The Architecture Behind Cost-Effective AI Agents

Aruna Veerappan is Senior Director of Engineering at Upwork, leading Developer Enablement to reduce friction and boost team productivity.

Engineering leaders are discovering that the hardest part of AI agents isn’t the AI—it’s the architecture underneath.

I learned this firsthand when a quarterly budget disappeared in weeks. Nothing was broken, the models worked and the engineers were strong. But the system hadn’t been designed for cost, and the bill arrived before a single workflow reached production.

The root cause: we were pointing expensive models at every task. Verifying file existence. Checking ownership against APIs. Routing logic that could have been a single if-statement. Each call seemed reasonable. The cumulative cost was not.

I’ve come to call this the Agent Cost Spiral—and engineering teams across the industry are running into it right now.

“An Agent Cost Spiral isn’t an AI problem. It’s an architecture problem. And once you see it, you can’t unsee it.”

This pattern has a precedent. A decade ago, teams migrated to the cloud chasing savings, then watched their bills explode past on-premise costs. The architecture was the problem—not the technology. AI inference costs follow the same arc. The fix: stop treating it like a utility and start treating it like an engineering problem.

Tiered Architecture Every Agentic System Needs

A well-built AI agent isn’t a single model receiving a single prompt. It’s a choreographed system where each task is matched to the minimum level of intelligence required to complete it well.

Tier 1: The Deterministic Skeleton—Just Use Code

If your process follows a fixed rule—“if a customer’s order exceeds $5,000, route to a Senior Rep”—you don’t need AI. You need a conditional statement. Enterprise teams routinely spend real money asking frontier models to handle basic routing logic, and the cost problem is the smaller concern. AI is probabilistic, which means even a capable model can get a simple rule wrong some percentage of the time. For business logic that must be consistent 100% of the time, probabilistic is another word for broken. Build your guardrails in code. Let AI operate within them.
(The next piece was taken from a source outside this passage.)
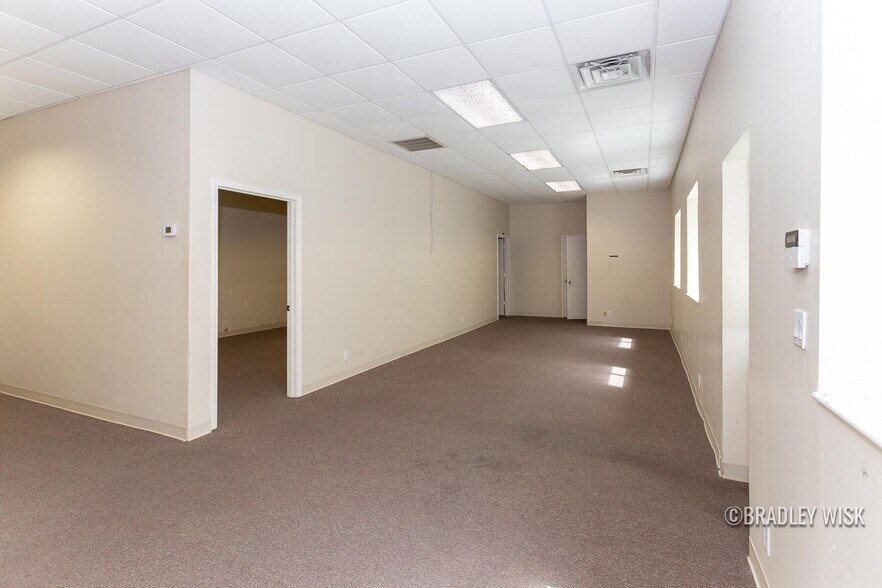 More Photos Of 581 Ottawa Ave, Holland Light Distribution For Sale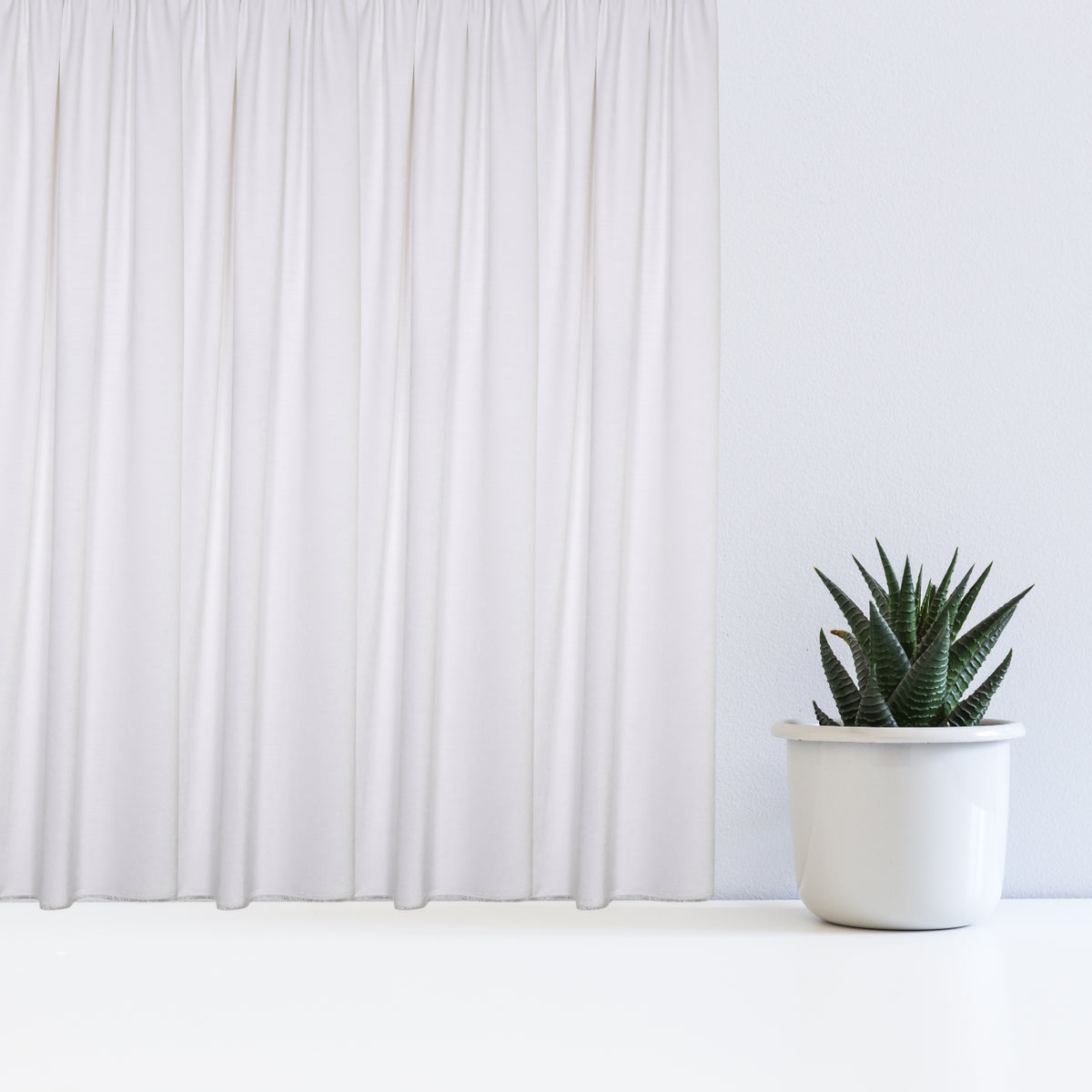 White Yeti night curtain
Tier 2: The Workhorse Models—Cheap, Fast and Good Enough

Summarizing documents. Extracting fields from structured data. Reformatting outputs. These are real, valuable tasks—but they don’t require a frontier model. Smaller “flash” models handle these workloads at roughly 1% of the cost of a premium model. If you’re using a frontier model for this work, you’re not just overpaying—you’re slowing down your pipeline.

Tier 3: The Frontier Model—Reserve It For What It’s Good At

Top-tier models are extraordinary at synthesis: taking conflicting information from multiple sources and producing nuanced, well-reasoned output. That’s where the cost is justified. The mistake is giving them everything else too. When you feed a frontier model thousands of lines of raw, unfiltered context, two bad things happen—costs spike and quality drops. The right move is to let Tier 2 do the reading and summarizing, then hand a clean, pre-processed brief to your Tier 3 model. You’re paying for reasoning, not retrieval.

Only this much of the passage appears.